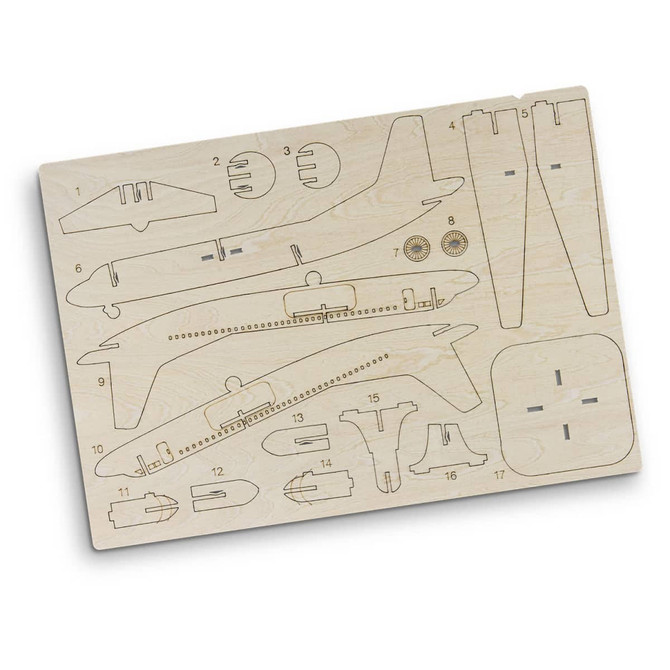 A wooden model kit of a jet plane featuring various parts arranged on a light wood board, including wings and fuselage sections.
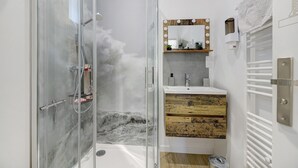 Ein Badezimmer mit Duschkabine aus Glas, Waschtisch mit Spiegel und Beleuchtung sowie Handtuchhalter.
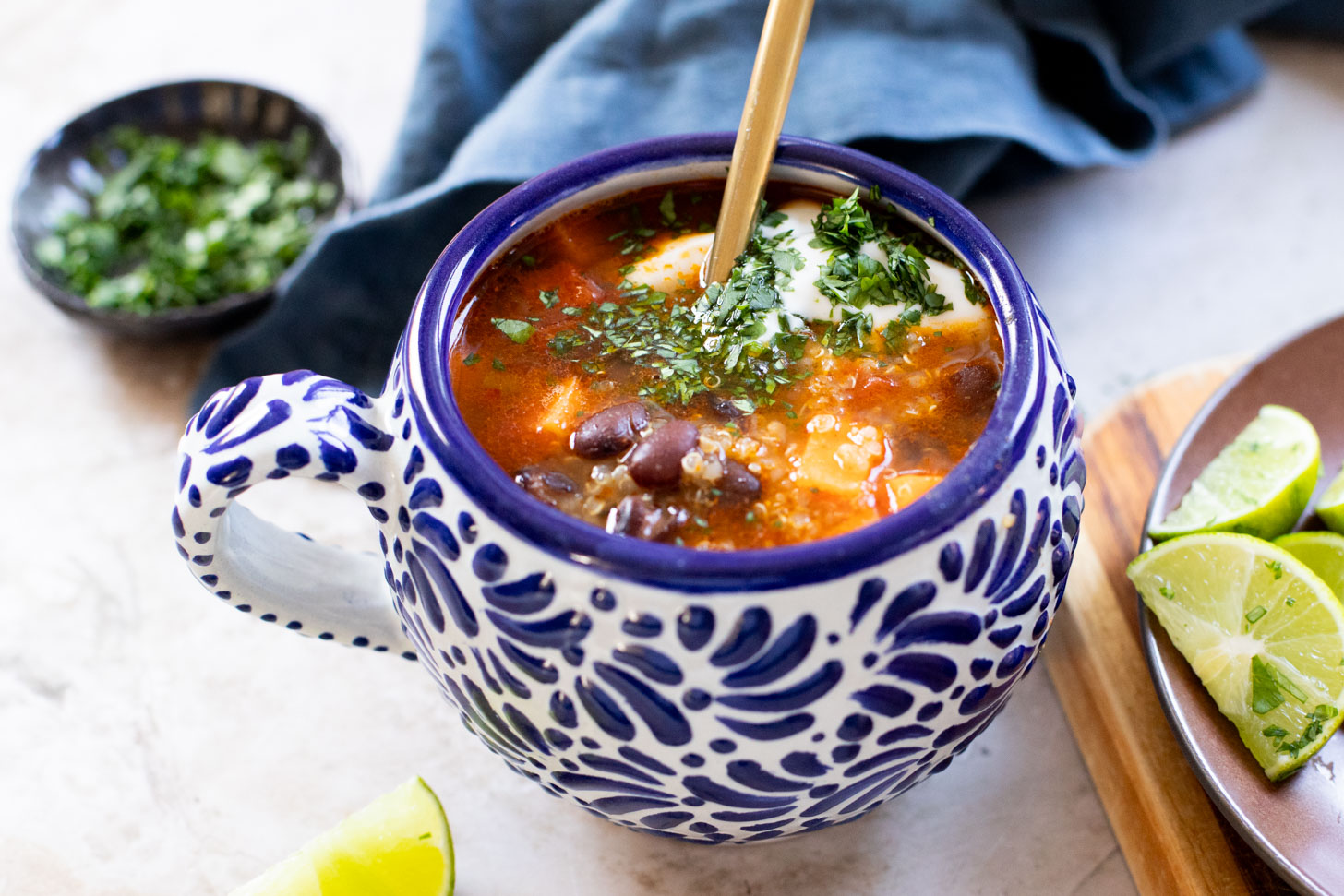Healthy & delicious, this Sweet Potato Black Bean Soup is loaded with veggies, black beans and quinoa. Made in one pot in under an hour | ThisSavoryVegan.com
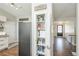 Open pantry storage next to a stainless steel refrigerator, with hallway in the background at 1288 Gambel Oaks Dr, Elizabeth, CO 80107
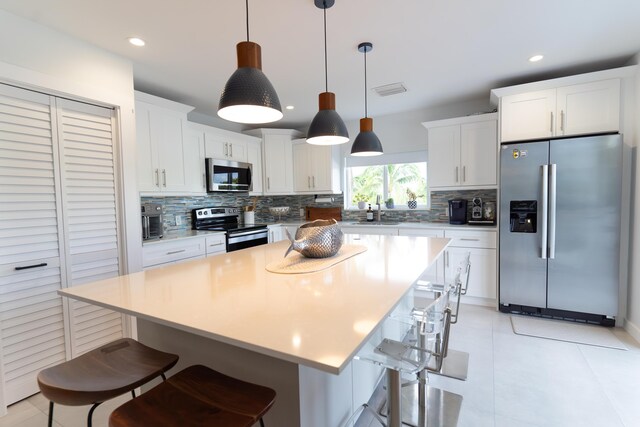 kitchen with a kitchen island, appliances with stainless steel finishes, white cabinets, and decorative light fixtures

+--

WHAT YOU SHOULD DO —
An exact copy of all the lines above is required, with the pictures removed.

TASK SOLUTION —
 A wooden model kit of a jet plane featuring various parts arranged on a light wood board, including wings and fuselage sections.
 Ein Badezimmer mit Duschkabine aus Glas, Waschtisch mit Spiegel und Beleuchtung sowie Handtuchhalter.
Healthy & delicious, this Sweet Potato Black Bean Soup is loaded with veggies, black beans and quinoa. Made in one pot in under an hour | ThisSavoryVegan.com
 Open pantry storage next to a stainless steel refrigerator, with hallway in the background at 1288 Gambel Oaks Dr, Elizabeth, CO 80107
 kitchen with a kitchen island, appliances with stainless steel finishes, white cabinets, and decorative light fixtures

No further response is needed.